| RECORD EXTRACTS |

◇ ◇ ◇ ◇

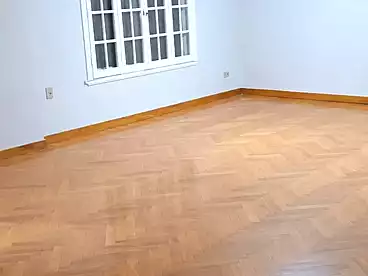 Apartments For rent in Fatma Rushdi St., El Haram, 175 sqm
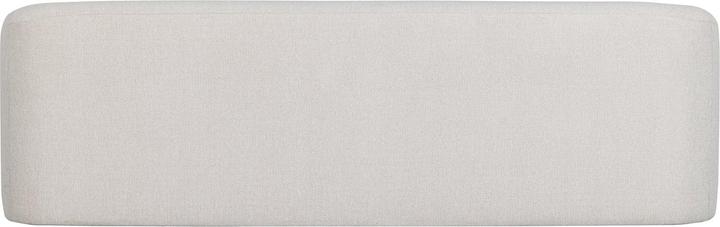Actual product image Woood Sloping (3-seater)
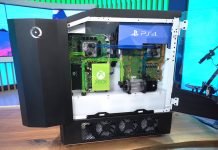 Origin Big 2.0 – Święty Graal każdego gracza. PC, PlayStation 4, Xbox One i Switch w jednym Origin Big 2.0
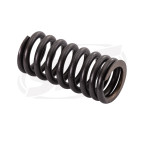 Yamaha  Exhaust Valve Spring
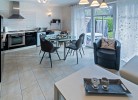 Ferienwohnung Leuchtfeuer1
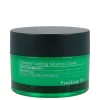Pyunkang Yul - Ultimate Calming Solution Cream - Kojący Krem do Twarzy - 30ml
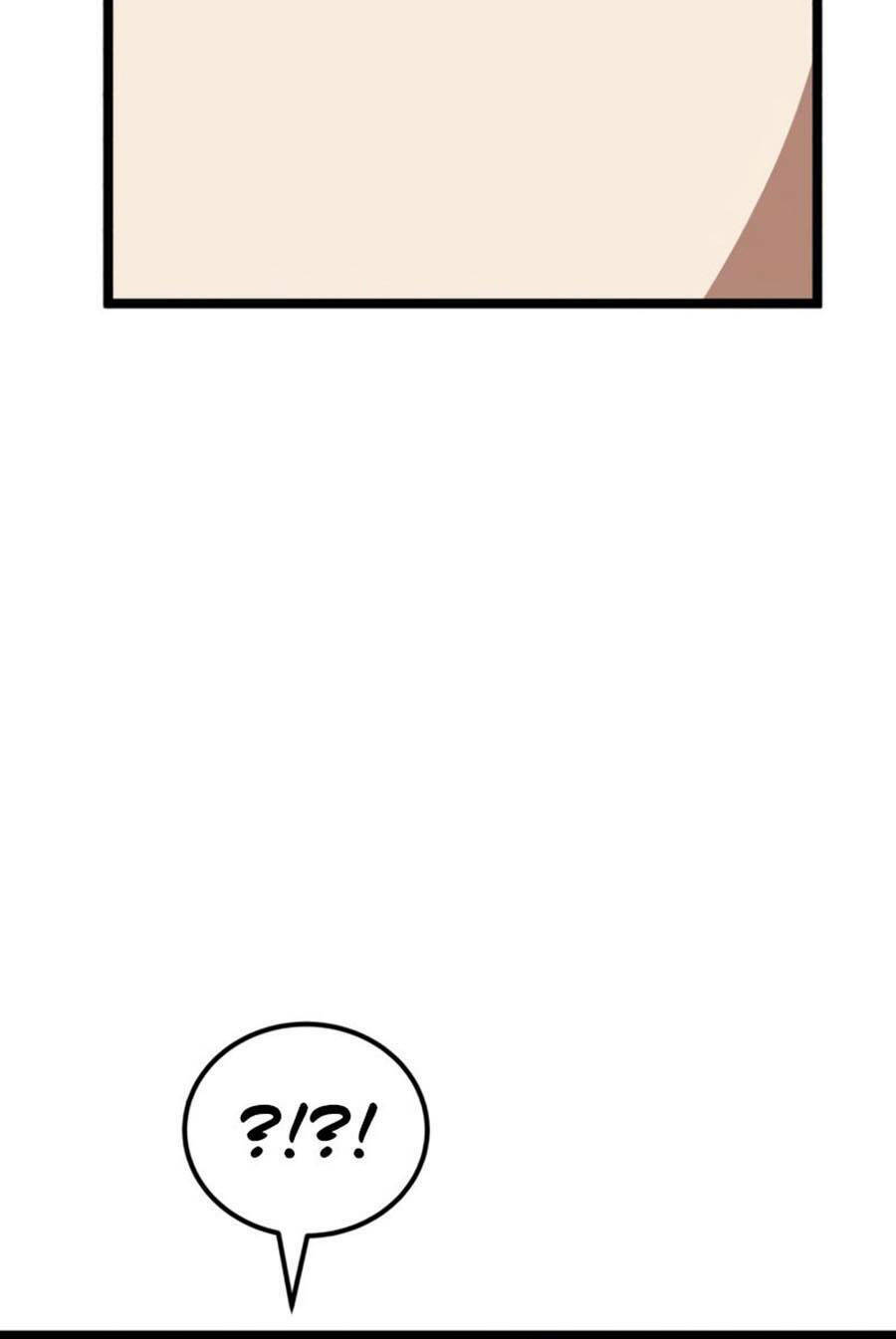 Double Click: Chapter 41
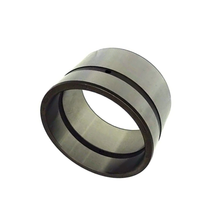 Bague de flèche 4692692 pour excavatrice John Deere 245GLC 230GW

◇ ◇ ◇ ◇

| EXERCISE PROMPT |
If an entry above holds a picture, leave that picture out and print the rest exactly.

| ANSWER |
 Apartments For rent in Fatma Rushdi St., El Haram, 175 sqm
Actual product image Woood Sloping (3-seater)
 Origin Big 2.0 – Święty Graal każdego gracza. PC, PlayStation 4, Xbox One i Switch w jednym Origin Big 2.0
 Yamaha  Exhaust Valve Spring
 Ferienwohnung Leuchtfeuer1
Pyunkang Yul - Ultimate Calming Solution Cream - Kojący Krem do Twarzy - 30ml
 Double Click: Chapter 41
 Bague de flèche 4692692 pour excavatrice John Deere 245GLC 230GW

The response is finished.